# Best cheap Pressure washer



## PWOOD (Apr 30, 2007)

Not had one before as concerned it would freeze in the hut but will try and cover and if not to expensive ie less that £50 I think its worth the risk.

I would like one that I could fit a decent foam lance / gilmour to in the future however is there one with a detergent bottle that does a passable job out the box. Variable presssure I suppose its not possible at this price.

Anything in Argos worth buying as they are nearby. Karcher or this Challenge ex for starters


----------



## NeoPanther (Jan 15, 2008)

Yes, the Karcher might do ok. I personally have one of these Halford's cheap pressure washers which has come down at least half the price since I got mine!

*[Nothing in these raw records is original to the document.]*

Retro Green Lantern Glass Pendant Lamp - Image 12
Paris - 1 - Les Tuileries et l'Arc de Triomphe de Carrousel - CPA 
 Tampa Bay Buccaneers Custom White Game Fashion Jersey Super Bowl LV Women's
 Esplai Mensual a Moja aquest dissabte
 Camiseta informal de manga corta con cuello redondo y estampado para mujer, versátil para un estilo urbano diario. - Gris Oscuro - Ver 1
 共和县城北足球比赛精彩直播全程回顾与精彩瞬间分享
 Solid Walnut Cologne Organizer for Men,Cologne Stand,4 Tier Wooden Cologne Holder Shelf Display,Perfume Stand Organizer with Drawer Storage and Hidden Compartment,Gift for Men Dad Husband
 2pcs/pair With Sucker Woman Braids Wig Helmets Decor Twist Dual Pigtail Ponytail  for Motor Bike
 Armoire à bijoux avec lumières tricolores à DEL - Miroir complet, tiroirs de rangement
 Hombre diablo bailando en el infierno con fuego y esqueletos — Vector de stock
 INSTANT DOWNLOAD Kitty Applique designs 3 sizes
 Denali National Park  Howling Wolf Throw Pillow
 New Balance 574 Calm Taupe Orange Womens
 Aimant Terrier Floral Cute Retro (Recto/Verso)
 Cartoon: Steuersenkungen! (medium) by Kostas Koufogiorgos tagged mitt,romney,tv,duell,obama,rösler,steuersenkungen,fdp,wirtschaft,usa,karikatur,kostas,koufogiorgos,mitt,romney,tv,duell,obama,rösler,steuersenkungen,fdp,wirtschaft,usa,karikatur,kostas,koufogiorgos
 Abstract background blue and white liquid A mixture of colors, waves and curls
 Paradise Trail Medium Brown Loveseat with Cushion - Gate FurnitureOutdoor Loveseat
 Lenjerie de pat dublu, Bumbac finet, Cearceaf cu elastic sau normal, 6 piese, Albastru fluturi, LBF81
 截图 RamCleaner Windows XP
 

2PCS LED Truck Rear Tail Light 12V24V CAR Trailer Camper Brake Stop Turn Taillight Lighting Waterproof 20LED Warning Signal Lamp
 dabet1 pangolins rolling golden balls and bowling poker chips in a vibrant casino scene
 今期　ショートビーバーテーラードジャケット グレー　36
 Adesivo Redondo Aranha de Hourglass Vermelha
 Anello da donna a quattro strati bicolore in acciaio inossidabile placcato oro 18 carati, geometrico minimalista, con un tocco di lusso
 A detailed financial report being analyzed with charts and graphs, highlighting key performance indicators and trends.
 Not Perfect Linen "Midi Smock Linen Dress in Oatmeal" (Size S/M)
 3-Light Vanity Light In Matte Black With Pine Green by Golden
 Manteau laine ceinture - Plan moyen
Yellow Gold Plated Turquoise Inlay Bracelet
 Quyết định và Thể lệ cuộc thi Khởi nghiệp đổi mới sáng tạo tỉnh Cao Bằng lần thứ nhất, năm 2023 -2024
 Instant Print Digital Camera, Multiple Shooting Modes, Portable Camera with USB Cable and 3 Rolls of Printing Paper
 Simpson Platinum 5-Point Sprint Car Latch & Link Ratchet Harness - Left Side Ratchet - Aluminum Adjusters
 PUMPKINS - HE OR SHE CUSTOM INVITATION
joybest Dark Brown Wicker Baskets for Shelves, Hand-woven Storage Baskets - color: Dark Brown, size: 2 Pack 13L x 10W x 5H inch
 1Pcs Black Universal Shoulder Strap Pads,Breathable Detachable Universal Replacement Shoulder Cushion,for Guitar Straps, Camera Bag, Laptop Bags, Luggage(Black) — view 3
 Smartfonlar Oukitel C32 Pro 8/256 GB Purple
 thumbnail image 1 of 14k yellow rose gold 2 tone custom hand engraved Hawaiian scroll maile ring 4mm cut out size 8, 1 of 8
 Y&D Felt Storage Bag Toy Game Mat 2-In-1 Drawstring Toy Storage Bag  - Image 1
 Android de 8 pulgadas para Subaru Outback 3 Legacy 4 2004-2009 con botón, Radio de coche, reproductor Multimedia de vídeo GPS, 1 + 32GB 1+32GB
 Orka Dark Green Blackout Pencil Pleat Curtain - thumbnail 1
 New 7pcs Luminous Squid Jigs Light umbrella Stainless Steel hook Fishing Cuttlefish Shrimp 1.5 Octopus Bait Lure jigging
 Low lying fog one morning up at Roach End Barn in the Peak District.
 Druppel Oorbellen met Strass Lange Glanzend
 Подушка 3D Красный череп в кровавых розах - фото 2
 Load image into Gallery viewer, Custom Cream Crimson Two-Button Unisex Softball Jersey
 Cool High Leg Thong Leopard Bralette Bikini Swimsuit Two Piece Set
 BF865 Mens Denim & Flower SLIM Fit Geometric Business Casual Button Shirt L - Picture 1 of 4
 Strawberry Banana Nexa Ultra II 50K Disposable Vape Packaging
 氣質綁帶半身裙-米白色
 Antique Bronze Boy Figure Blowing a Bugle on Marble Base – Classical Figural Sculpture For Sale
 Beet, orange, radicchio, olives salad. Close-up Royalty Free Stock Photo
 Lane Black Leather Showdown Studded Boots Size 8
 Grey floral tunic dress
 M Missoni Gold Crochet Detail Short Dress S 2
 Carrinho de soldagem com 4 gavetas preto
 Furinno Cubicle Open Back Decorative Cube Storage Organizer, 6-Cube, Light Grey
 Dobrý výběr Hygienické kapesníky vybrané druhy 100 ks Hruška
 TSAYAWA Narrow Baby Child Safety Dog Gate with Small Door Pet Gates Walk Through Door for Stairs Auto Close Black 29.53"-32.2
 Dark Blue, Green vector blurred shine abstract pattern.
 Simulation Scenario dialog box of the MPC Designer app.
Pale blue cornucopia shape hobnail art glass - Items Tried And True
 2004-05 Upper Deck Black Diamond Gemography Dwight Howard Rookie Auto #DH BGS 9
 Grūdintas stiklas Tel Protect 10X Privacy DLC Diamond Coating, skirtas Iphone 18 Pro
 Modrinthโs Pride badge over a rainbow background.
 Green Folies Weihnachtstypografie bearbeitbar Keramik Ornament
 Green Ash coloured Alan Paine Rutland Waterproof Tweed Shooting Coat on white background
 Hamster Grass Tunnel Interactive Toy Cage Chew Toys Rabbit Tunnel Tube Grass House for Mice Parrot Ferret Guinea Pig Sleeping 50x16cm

It seems to do the job ok, for the occasional use it gets. It uses a Lavor fitment for foam lances and the variable lance is good for safe rinsing of bikes and cars. :thumb:


----------



## PWOOD (Apr 30, 2007)

Thanks for the link I'll take a look when the site is up and running again. How much is it in the meantime.


----------



## NeoPanther (Jan 15, 2008)

It's a bargain at £24, and has the following features:

# Features and Benefits: 
A soft car wash brush attachment - which you should avoid! 
# 360 ltr/hr flow rate
# 120 Bar Max pressure
# 1700W Motor
# 6 metre hose
# 100 bar working pressure (average)
# Built in detergent tank
# For dispensing specialist cleaning fluids
# Contains hose connector for immediate use


----------



## CupraRcleanR (Sep 2, 2007)

I bought a Power Craft one from ALDI recently, recommended by IANFRST on here. Works really well and is apparently built by Karcher. I changed the Gun to my old Karcher gun which works well and means I can use my foam gun


----------



## Car Key (Mar 20, 2007)

NeoPanther said:


> It's a bargain at £24, and has the following features:
> 
> # Features and Benefits:
> A soft car wash brush attachment - which you should avoid!
> ...


Warranty?


----------



## Jonsen (Aug 12, 2007)

£24 with a 6M hose, thats cheap!


----------



## Deano (Jul 7, 2006)

i got my karcher from here
http://www.thediscountden.co.uk/proddetail.asp?prod=K297PW-GD

as did andyc. great service from these lads.


----------



## NeoPanther (Jan 15, 2008)

Car Key said:


> Warranty?


Don't know I'm afraid. Maybe Halfords give 12 months as standard?


----------



## PWOOD (Apr 30, 2007)

Went into stirling Halfords which showed one in stock. Only had a stock return (faulty) and said its a discontinued line so no more. Kinda typical of my luck.


----------



## Car Key (Mar 20, 2007)

RAC @ Argos

RAC tend not to put their name to rubbish, so no doubt quality kit. One thing to consider is the returns policy, because any cheap PW is bound to go wrong at some point. Apparently Argos are very good in that respect.


----------



## karl_liverpool (Sep 25, 2008)

the £40 challenge ones in argos are very good i use one of them as a spare maching works great and 130 bar


----------



## PWOOD (Apr 30, 2007)

Bought the Karcher one for £54.99 out of Argos. It comes with a dirt blaster lance which I now realise is vital for cleaning the slabs I have along with the decking. Also comes with a brush which ain't going anywhere near the car.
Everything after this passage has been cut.